#### Work required:
Your reply must consist of the data below, reproduced character for character.

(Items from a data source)
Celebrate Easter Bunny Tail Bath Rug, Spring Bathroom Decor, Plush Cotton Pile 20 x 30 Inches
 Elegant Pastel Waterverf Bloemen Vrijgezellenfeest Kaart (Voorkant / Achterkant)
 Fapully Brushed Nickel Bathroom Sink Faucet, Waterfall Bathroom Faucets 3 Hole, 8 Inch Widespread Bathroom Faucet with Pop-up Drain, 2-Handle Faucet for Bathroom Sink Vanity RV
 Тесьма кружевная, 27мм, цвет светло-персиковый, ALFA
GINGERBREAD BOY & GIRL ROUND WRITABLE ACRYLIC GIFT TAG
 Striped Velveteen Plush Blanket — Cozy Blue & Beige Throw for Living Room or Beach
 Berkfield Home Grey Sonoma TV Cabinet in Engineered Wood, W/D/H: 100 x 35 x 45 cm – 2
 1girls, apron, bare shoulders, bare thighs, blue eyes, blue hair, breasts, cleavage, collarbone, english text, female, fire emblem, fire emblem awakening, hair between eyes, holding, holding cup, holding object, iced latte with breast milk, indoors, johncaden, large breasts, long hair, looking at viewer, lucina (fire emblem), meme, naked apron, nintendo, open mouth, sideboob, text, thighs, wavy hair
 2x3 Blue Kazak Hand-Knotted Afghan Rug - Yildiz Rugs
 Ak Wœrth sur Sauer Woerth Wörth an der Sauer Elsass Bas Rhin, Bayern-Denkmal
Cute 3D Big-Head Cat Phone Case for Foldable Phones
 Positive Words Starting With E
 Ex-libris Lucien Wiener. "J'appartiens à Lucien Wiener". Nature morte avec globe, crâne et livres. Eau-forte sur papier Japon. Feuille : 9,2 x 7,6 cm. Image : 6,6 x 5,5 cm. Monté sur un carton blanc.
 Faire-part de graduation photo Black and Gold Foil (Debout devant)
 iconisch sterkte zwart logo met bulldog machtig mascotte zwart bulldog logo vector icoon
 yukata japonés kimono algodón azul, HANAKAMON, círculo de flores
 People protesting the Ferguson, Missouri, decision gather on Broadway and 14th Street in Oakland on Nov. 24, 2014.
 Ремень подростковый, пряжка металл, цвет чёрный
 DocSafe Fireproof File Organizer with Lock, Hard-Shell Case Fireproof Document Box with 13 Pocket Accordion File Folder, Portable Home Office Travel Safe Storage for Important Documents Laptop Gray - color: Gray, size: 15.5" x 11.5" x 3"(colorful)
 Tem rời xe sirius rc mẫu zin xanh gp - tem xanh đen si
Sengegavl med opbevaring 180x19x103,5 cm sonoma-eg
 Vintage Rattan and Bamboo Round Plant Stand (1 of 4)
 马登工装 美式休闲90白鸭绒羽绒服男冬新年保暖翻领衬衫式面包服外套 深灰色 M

#### Output below:
Celebrate Easter Bunny Tail Bath Rug, Spring Bathroom Decor, Plush Cotton Pile 20 x 30 Inches
 Elegant Pastel Waterverf Bloemen Vrijgezellenfeest Kaart (Voorkant / Achterkant)
 Fapully Brushed Nickel Bathroom Sink Faucet, Waterfall Bathroom Faucets 3 Hole, 8 Inch Widespread Bathroom Faucet with Pop-up Drain, 2-Handle Faucet for Bathroom Sink Vanity RV
 Тесьма кружевная, 27мм, цвет светло-персиковый, ALFA
GINGERBREAD BOY & GIRL ROUND WRITABLE ACRYLIC GIFT TAG
 Striped Velveteen Plush Blanket — Cozy Blue & Beige Throw for Living Room or Beach
 Berkfield Home Grey Sonoma TV Cabinet in Engineered Wood, W/D/H: 100 x 35 x 45 cm – 2
 1girls, apron, bare shoulders, bare thighs, blue eyes, blue hair, breasts, cleavage, collarbone, english text, female, fire emblem, fire emblem awakening, hair between eyes, holding, holding cup, holding object, iced latte with breast milk, indoors, johncaden, large breasts, long hair, looking at viewer, lucina (fire emblem), meme, naked apron, nintendo, open mouth, sideboob, text, thighs, wavy hair
 2x3 Blue Kazak Hand-Knotted Afghan Rug - Yildiz Rugs
 Ak Wœrth sur Sauer Woerth Wörth an der Sauer Elsass Bas Rhin, Bayern-Denkmal
Cute 3D Big-Head Cat Phone Case for Foldable Phones
 Positive Words Starting With E
 Ex-libris Lucien Wiener. "J'appartiens à Lucien Wiener". Nature morte avec globe, crâne et livres. Eau-forte sur papier Japon. Feuille : 9,2 x 7,6 cm. Image : 6,6 x 5,5 cm. Monté sur un carton blanc.
 Faire-part de graduation photo Black and Gold Foil (Debout devant)
 iconisch sterkte zwart logo met bulldog machtig mascotte zwart bulldog logo vector icoon
 yukata japonés kimono algodón azul, HANAKAMON, círculo de flores
 People protesting the Ferguson, Missouri, decision gather on Broadway and 14th Street in Oakland on Nov. 24, 2014.
 Ремень подростковый, пряжка металл, цвет чёрный
 DocSafe Fireproof File Organizer with Lock, Hard-Shell Case Fireproof Document Box with 13 Pocket Accordion File Folder, Portable Home Office Travel Safe Storage for Important Documents Laptop Gray - color: Gray, size: 15.5" x 11.5" x 3"(colorful)
 Tem rời xe sirius rc mẫu zin xanh gp - tem xanh đen si
Sengegavl med opbevaring 180x19x103,5 cm sonoma-eg
 Vintage Rattan and Bamboo Round Plant Stand (1 of 4)
 马登工装 美式休闲90白鸭绒羽绒服男冬新年保暖翻领衬衫式面包服外套 深灰色 M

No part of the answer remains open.